When I first came to the department I currently work in, the college was in the middle of a Learning Management System (LMS) transition. We were making the big move from Web CT to Angel. At the time I had very little experience with any type of LMS. I had played around with Moodle a few years prior when I taught middle school and then tinkered around with Web CT as an hourly instructor at the college but really had no idea what the potential could be for online learning within the context of an LMS. It wasn’t until I started designing online courses that I really got a taste for it. Back then (we are talking roughly 5 years ago) we would develop courses to virtually mimic what you would experience in the classroom. Because most post secondary classrooms sadly still rely on lectures to deliver information, our courses took on the same characteristic. Each course provided pretty much all the information that a student would need to complete the outcomes. The result was very text heavy courses with occasional opportunities for interaction within the discussion board. We would hire writers and subject matter experts (SME) and they would submit content. A formatter would format the information in a word document, add graphics, tables and videos where appropriate. Our media specialists would transfer the word documents to HTML (I know, this seems redundant), create learning objects to enhance the material and create some interactivity and the Instructional designers would design the course using the well known ADDIE model while closely following eCampus Alberta standards. These courses followed all the rules. Aesthetically, the courses were beautiful!
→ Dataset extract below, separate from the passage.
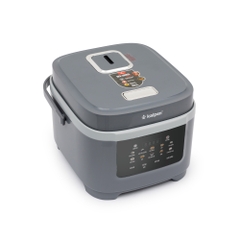 Nồi cơm điện lòng nồi Inox 304 liền khối Kalpen R13 1.8L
However, we started to question the true quality and significance of the learning experience for the students (Fink, 2003). We also started to question our processes. If we were encouraging face-to-face instructors to step outside the box and create more learner centered/active learning opportunities in the classroom, why weren’t we doing the same thing online? How was delivering a text heavy course (even if it did have occasional discussion boards and learning objects spread throughout) different from an instructor lecturing the duration of every class using nothing but PowerPoint and an occasional question period. Couldn’t we do better?
As we started to explore all the different ways that could promote more student engagement in the online learning environment, we also started to become more frustrated with the limitations of Angel. Sure there was a discussion board (which we used), there was a chat room but it was clunky, as was the wiki. This coupled with the poor mobile functionality in an increasingly mobile dependent society was very discouraging for students, instructors and our development team. Furthermore, everything within the LMS stayed there offering very little opportunity to utilize any of the thousands of great web and social networking applications that our students (and instructors for that matter) were already using in their daily lives to learn and interact with each other. It was starting to feel like life outside the LMS offered way more opportunity for the types of learning interactions we were looking for.